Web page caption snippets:

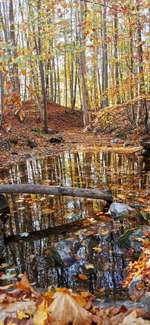 Hundeauslaufgebiet-Ukleisee Rundweg-Bild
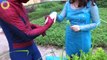 Joker steal MAGIC WAND transform Spiderman prank Elsa transform Doctor prank Captain Superhero funny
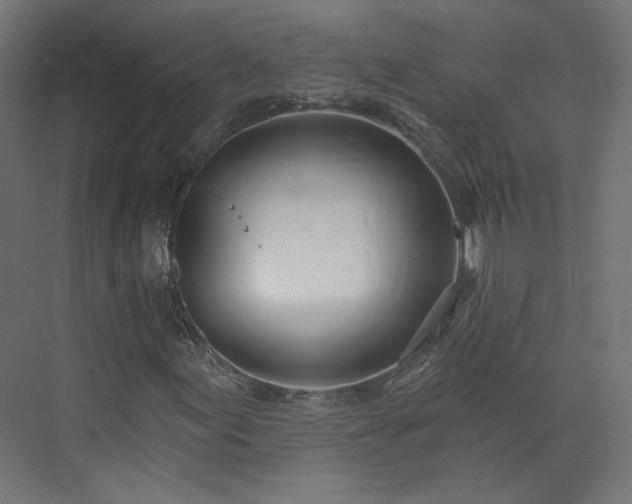 X0000073481155200608071013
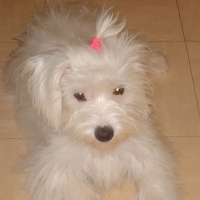 Photo de profil de Chipie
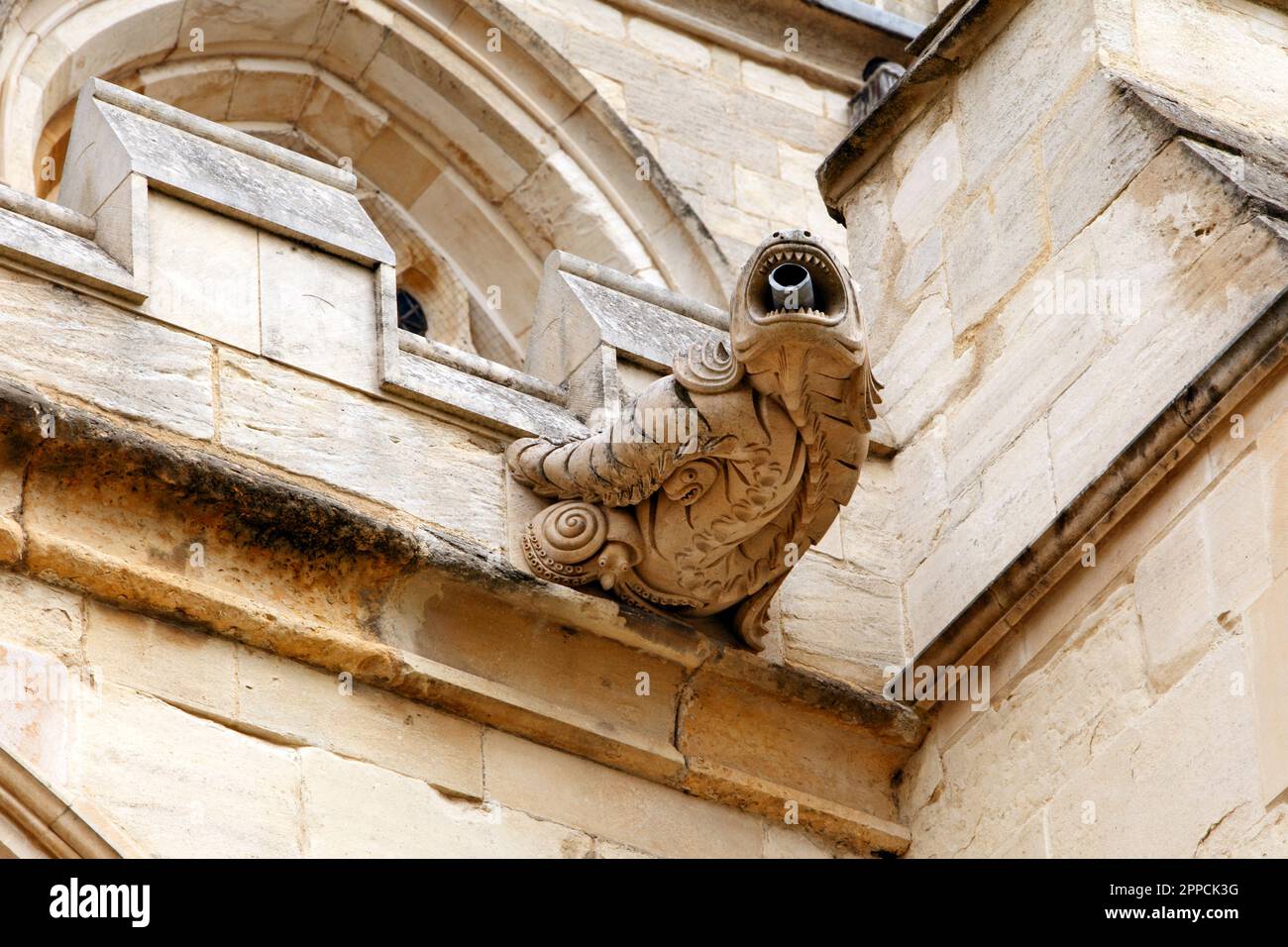 Gargoyle or grotesque on a water drain outlet on Gloucester Cathedral, Gloucestershire, UK Stock Photo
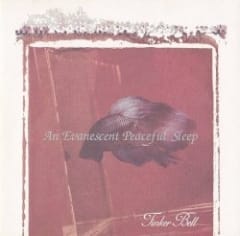An Evanescent Peaceful Sleep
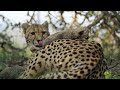 Cheetah Mom Must Leave Blind Cubs to Hunt | New Kids in the Wild 103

# Problem requirements
Reproduce nothing but the lines from the line containing "Joker steal MAGIC" through the last line of the data above, exactly as written and without pictures.

# Reply
 Joker steal MAGIC WAND transform Spiderman prank Elsa transform Doctor prank Captain Superhero funny
 X0000073481155200608071013
 Photo de profil de Chipie
 Gargoyle or grotesque on a water drain outlet on Gloucester Cathedral, Gloucestershire, UK Stock Photo
An Evanescent Peaceful Sleep
 Cheetah Mom Must Leave Blind Cubs to Hunt | New Kids in the Wild 103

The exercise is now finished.